## [WHAT IS BEING ASKED]
Output only the entries, exactly as given, without the pictures.

####

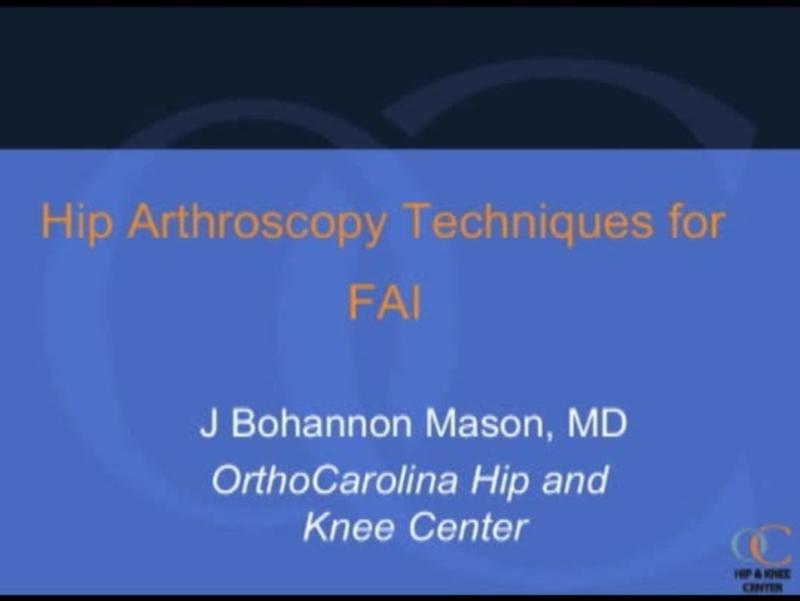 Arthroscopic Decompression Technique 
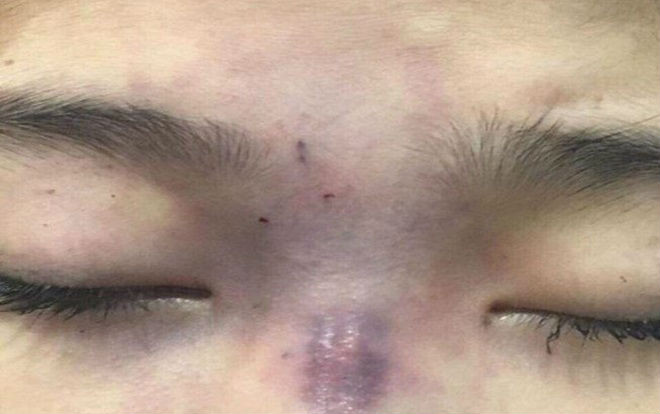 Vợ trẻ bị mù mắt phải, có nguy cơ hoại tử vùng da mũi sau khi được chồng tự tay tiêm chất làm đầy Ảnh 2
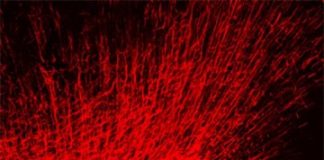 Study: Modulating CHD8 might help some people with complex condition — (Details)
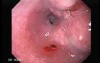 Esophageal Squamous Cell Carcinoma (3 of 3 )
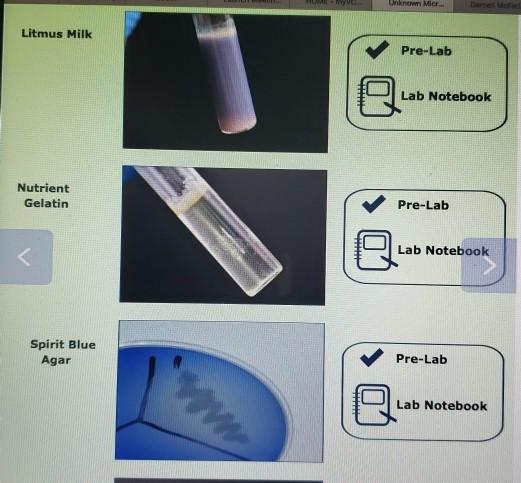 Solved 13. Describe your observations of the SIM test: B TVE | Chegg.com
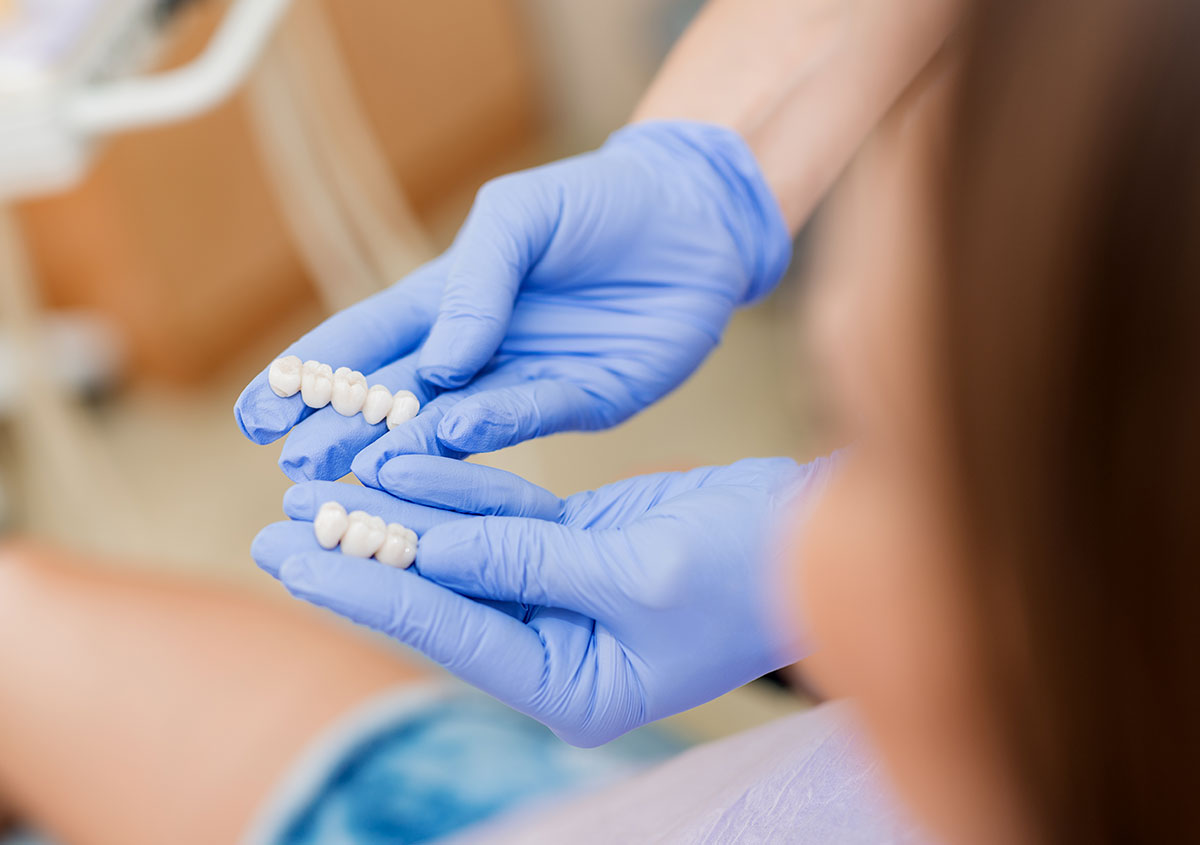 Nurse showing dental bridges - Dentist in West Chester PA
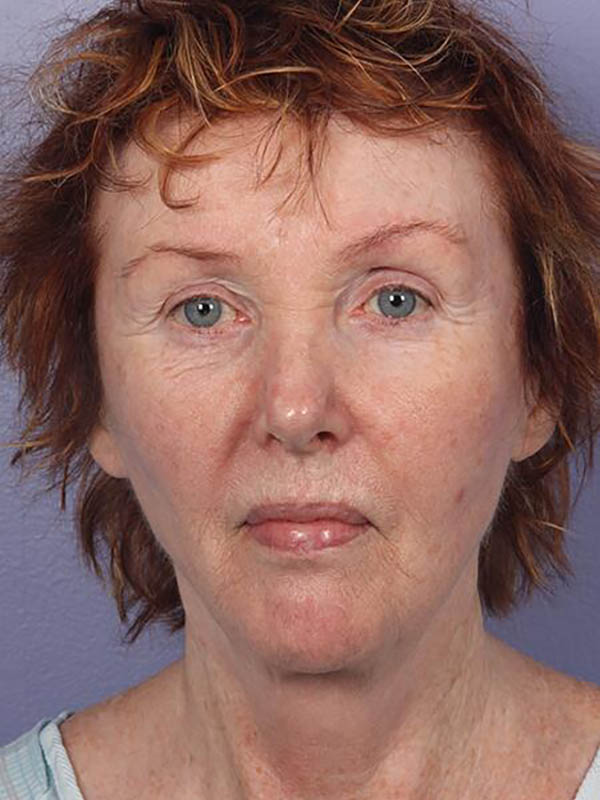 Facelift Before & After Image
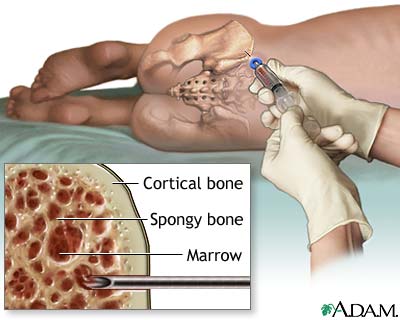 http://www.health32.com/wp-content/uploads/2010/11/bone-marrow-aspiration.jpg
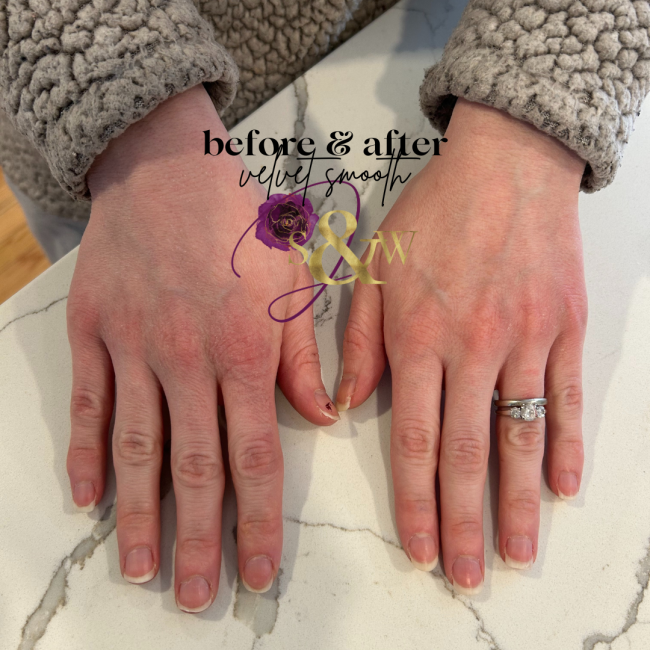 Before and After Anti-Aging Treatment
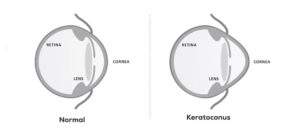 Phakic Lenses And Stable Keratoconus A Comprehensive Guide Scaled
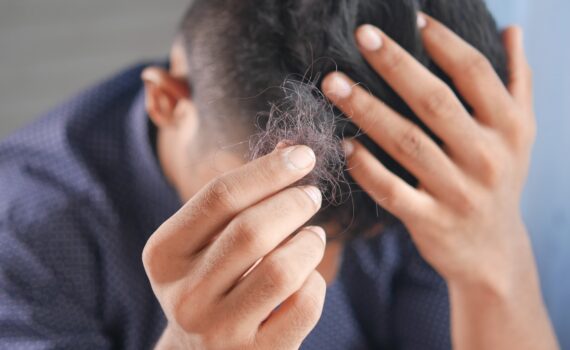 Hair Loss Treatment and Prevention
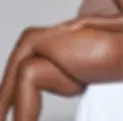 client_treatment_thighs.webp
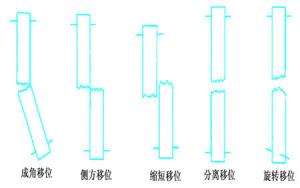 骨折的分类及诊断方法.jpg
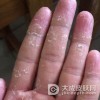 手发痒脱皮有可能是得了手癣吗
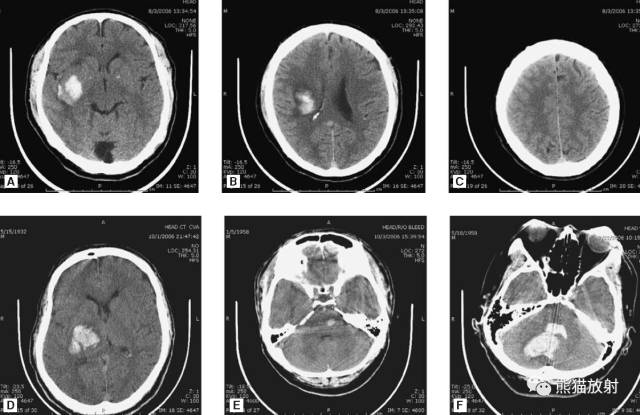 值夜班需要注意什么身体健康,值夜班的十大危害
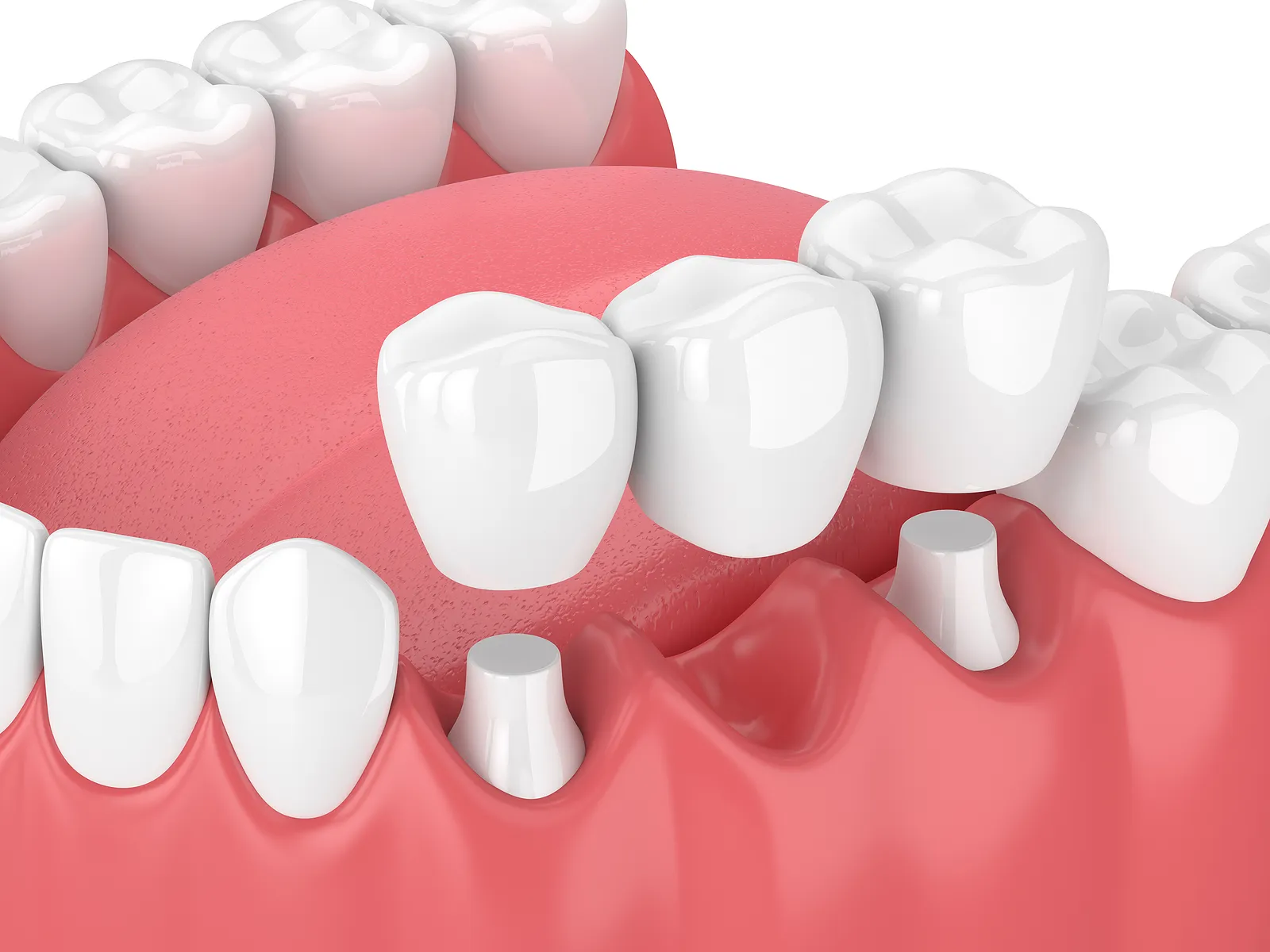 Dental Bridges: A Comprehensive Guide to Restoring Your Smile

####

## [SOLUTION FOR THIS TASK]
 Arthroscopic Decompression Technique 
 Vợ trẻ bị mù mắt phải, có nguy cơ hoại tử vùng da mũi sau khi được chồng tự tay tiêm chất làm đầy Ảnh 2
 Study: Modulating CHD8 might help some people with complex condition — (Details)
 Esophageal Squamous Cell Carcinoma (3 of 3 )
 Solved 13. Describe your observations of the SIM test: B TVE | Chegg.com
 Nurse showing dental bridges - Dentist in West Chester PA
 Facelift Before & After Image
 http://www.health32.com/wp-content/uploads/2010/11/bone-marrow-aspiration.jpg
 Before and After Anti-Aging Treatment
 Phakic Lenses And Stable Keratoconus A Comprehensive Guide Scaled
 Hair Loss Treatment and Prevention
 client_treatment_thighs.webp
 骨折的分类及诊断方法.jpg
 手发痒脱皮有可能是得了手癣吗
 值夜班需要注意什么身体健康,值夜班的十大危害
 Dental Bridges: A Comprehensive Guide to Restoring Your Smile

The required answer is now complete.